Сумку на колени положила. Раскрыла ее. Врачица жадно смотрела. Мария вытащила из сумки коробку дорогих конфет и пачку отменного чая. Сунула врачице в руки, будто скотину прикармливала, корову.
Врачица сменила суконное рыло на сладкую улыбочку.
– На голову? В вашем возрасте это, м-м-м, серьезная жалоба… И что? Мигрень? Приступы? Может, утомляетесь? Снимем-ка энцефалограмму.
Мария послушно легла на застеленную несвежей простыней кушетку. Ей к голове, ко лбу, к затылку присоединяли что-то железное, резиновое, из проводов, из присосок; холодное, сырое, звенящее. Зашумел прибор; она закрыла глаза.
И, кажется, заснула.
На мгновение. На два.
Так спят лошади в стойле.
Спит скотина в хлеву.
Усталый донельзя человек, измотанный, так засыпает в дороге.

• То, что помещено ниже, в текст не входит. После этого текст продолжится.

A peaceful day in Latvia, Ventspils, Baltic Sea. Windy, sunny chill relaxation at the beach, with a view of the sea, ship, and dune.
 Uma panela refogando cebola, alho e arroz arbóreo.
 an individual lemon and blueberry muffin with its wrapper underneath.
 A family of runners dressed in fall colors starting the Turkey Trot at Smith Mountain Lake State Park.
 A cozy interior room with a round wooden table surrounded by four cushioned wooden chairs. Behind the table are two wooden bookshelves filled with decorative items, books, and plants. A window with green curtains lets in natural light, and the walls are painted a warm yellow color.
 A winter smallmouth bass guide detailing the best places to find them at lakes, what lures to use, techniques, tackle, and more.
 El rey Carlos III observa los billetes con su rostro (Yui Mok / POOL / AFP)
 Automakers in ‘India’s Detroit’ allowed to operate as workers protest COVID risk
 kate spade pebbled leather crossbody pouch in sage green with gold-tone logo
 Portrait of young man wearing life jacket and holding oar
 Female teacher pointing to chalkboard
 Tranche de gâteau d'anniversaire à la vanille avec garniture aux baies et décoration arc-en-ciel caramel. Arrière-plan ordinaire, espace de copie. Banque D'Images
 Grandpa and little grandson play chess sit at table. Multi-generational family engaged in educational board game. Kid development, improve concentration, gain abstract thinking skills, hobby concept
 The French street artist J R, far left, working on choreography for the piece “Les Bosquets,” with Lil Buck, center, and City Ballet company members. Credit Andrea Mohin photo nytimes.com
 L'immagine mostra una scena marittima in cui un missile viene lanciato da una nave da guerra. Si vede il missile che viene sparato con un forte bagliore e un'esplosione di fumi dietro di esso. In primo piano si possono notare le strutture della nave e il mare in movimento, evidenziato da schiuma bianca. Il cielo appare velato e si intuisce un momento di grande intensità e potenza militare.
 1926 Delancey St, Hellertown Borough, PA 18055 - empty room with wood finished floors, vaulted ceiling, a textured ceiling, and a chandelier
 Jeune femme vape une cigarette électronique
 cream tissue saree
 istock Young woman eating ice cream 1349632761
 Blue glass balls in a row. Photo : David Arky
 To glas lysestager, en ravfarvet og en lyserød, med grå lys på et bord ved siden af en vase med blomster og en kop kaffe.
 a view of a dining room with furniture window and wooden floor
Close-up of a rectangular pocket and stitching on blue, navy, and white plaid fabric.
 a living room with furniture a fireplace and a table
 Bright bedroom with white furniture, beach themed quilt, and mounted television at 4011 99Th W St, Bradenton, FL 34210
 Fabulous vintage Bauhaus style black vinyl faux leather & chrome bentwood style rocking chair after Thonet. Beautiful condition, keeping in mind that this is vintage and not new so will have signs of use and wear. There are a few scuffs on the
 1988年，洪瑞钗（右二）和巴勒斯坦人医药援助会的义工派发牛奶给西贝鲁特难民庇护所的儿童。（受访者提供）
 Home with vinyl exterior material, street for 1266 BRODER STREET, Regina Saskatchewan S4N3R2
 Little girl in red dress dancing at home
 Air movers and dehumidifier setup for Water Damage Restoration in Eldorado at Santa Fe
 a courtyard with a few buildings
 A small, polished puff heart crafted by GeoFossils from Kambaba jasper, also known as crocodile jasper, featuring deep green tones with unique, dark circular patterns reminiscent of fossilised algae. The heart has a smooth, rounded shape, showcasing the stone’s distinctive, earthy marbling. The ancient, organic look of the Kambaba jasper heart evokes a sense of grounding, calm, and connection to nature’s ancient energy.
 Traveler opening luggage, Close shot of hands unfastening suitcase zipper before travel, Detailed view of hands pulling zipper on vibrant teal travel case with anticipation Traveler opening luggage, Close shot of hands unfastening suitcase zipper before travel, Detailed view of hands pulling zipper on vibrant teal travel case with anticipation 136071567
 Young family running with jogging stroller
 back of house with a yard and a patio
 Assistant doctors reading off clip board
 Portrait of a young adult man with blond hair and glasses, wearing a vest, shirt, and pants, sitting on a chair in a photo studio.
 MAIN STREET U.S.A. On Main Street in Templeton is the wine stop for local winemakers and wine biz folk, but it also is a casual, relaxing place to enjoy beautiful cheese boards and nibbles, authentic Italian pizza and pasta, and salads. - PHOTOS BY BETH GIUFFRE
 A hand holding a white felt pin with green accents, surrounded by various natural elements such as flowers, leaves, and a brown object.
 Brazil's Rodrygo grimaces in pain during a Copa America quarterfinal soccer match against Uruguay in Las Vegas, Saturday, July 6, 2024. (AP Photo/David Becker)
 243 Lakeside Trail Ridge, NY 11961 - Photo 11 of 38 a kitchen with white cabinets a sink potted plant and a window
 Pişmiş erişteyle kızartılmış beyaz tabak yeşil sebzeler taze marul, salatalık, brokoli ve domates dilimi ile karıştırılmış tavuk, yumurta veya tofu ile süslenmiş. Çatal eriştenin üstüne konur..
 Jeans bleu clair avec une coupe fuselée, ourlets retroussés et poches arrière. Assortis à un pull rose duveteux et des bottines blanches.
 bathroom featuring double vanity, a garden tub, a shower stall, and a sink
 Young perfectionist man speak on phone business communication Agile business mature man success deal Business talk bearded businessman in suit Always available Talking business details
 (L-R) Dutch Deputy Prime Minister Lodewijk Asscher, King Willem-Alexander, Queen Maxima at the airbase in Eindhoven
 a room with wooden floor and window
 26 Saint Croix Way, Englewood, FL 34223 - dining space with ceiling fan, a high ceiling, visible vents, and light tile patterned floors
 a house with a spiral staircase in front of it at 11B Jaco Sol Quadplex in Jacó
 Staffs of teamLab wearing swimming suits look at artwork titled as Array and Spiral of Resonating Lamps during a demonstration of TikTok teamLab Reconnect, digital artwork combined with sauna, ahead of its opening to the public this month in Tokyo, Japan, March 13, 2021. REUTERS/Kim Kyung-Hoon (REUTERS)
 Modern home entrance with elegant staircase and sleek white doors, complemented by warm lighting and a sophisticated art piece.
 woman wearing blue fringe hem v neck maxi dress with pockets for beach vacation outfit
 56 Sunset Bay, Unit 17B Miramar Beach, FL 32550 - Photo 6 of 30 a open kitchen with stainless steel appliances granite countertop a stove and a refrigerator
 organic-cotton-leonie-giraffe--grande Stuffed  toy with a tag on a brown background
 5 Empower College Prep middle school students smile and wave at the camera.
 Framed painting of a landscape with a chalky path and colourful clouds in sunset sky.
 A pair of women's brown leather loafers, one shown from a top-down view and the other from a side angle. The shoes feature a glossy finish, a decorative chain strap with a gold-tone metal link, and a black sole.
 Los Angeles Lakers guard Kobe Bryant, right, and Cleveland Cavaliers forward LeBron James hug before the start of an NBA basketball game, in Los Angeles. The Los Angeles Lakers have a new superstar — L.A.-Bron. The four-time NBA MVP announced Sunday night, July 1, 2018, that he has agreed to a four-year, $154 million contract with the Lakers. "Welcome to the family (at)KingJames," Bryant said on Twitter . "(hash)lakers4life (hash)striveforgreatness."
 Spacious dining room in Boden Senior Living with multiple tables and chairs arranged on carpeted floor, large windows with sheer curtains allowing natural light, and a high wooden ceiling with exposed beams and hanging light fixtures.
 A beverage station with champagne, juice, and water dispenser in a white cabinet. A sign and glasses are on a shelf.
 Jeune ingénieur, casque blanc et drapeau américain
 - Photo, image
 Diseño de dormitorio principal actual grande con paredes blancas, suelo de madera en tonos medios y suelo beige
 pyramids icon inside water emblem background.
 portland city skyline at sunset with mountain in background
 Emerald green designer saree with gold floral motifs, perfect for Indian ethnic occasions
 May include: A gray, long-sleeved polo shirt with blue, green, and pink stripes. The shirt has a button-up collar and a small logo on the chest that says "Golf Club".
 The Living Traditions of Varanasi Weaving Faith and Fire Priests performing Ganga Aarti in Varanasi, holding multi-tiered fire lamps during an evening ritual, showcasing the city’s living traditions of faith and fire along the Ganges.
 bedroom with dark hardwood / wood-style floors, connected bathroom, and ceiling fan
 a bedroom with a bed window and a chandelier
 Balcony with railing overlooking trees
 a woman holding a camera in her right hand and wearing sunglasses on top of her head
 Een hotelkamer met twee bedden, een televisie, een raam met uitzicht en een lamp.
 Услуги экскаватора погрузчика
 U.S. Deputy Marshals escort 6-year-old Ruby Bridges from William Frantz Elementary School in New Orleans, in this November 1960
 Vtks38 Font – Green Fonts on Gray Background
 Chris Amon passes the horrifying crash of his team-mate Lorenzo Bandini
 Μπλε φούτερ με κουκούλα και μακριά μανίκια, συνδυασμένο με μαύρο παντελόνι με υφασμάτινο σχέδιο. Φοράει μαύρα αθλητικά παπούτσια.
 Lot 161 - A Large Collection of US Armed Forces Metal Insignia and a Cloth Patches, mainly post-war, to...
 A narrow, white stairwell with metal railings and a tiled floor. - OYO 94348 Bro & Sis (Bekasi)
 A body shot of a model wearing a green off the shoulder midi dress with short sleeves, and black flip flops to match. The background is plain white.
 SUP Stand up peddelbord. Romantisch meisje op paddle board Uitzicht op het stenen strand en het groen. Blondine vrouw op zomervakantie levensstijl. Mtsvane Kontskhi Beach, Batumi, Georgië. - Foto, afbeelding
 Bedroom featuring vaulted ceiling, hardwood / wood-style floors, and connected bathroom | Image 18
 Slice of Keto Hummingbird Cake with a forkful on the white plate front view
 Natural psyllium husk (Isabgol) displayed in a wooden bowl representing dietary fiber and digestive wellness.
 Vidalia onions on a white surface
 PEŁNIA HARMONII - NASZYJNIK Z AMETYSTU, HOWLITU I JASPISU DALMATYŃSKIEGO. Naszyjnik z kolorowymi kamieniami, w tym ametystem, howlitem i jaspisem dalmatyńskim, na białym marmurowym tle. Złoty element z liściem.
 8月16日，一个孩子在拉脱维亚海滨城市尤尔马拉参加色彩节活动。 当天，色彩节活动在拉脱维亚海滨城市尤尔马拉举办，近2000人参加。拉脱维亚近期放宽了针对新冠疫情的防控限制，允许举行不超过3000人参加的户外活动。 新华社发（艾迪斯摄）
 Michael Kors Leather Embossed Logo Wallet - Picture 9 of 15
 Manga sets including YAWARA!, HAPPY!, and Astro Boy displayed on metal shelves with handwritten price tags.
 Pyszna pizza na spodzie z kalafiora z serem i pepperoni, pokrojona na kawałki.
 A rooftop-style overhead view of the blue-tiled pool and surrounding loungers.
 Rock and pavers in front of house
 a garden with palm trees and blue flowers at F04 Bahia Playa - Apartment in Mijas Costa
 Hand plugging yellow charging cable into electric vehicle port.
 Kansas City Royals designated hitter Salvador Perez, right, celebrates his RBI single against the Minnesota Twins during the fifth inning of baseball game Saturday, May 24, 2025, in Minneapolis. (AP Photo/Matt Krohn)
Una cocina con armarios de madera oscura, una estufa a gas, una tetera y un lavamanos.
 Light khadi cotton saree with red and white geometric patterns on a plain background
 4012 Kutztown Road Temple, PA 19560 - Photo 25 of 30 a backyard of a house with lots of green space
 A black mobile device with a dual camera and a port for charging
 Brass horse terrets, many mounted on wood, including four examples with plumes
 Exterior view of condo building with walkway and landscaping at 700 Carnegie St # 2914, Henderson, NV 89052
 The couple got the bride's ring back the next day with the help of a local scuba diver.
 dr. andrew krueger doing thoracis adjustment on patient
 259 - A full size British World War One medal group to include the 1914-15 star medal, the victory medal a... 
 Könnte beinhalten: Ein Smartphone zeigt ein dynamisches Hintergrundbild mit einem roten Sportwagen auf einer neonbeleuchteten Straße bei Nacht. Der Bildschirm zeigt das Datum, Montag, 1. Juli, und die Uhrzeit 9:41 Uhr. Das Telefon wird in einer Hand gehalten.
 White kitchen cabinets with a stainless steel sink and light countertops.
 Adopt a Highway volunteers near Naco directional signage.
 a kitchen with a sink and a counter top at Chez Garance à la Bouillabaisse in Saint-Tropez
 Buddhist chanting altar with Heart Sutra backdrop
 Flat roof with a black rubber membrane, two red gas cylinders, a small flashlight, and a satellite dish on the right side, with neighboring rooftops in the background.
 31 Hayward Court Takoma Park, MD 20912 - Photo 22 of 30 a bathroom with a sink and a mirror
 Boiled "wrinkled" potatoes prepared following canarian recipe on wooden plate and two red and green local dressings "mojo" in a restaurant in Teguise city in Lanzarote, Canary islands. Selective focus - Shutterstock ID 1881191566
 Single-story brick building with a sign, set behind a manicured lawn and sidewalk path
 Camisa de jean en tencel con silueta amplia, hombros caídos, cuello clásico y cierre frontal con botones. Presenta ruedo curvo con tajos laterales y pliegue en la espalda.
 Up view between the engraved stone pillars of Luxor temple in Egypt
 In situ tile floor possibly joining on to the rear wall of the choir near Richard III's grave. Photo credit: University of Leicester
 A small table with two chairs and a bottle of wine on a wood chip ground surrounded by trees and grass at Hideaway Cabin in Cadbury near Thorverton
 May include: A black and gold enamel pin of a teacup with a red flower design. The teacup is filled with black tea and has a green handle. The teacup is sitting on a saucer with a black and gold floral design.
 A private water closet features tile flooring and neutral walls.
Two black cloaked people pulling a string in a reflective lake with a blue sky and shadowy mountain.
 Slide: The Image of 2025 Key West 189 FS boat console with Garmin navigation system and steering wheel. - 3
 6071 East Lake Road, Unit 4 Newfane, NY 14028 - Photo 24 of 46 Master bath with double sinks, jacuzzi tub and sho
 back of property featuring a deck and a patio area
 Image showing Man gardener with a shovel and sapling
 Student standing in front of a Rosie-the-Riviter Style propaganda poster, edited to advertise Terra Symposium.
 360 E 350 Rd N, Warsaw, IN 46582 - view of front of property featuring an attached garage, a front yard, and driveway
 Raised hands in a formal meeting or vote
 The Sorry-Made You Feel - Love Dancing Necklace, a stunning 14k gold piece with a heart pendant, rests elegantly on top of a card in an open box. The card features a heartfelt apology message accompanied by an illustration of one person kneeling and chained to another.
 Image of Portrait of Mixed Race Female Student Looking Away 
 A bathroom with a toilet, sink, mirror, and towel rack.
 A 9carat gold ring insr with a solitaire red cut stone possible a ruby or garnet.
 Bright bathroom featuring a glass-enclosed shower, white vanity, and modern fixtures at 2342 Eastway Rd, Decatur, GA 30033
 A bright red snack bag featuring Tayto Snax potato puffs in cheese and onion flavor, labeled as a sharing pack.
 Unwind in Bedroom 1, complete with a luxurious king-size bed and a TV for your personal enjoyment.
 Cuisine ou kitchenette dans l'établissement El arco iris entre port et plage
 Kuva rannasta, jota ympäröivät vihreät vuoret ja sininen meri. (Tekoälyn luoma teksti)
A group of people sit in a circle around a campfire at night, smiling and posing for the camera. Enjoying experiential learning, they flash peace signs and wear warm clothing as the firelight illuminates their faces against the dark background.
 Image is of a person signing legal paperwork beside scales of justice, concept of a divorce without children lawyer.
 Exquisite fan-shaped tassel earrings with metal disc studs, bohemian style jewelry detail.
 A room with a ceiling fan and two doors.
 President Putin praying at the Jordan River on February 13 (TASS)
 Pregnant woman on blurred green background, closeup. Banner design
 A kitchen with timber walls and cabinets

Проснулась она от голоса врачицы. Врачица подвывала, как бездомная собачка в подъезде.
– М-м-м-м… У-у-у-у… Похоже на опухоль. Плохо дело…
Поняв, что лишнее сказала, врачица замолчала.
Мария лежала тихо, прислушиваясь к себе.
Встала томно, невесомо, как во сне. Как лунатик.
Из далекой дали слушала металлический, медный, как часовой механизм, голос врачицы:
"Я вам – направление в стационар… Полежите… Обследуетесь… по направлению – бесплатно…"
Мария нежно, тонко улыбнулась врачице, как улыбалась бы небу, облакам.
– Спасибо. Да. Конечно. Позже. Сейчас – мне некогда. У меня…
Медсестра, склонив голову набок, мрачно глядела на нее. Ее глаза кричали: "Надоели, как собаки!"
– У меня муж в тюрьме.
Лицо врачицы залило белое молоко брезгливости, отвращения.
Медсестра процокала на каблучках к двери. Распахнула ее. Крикнула:
– Я же говорила, за ней – не занимать! Как глухие! В ушах бананы!
6
– Вы, парни. Татарина не выпустят. Он накрылся медным тазом.
– И что?
– Ты!.. Дай сюда ствол. Не балуйся с ним. Относись к оружию с уважением.
– На. Не ори.
– А ты что предлагаешь?
– Я? Ничего не предлагаю. Я уже – делаю.
– Ты хочешь…
– Это не я хочу. Это все мы хотим. Давно!
– Давно…
– Да. Давно. И время идет.
– Да.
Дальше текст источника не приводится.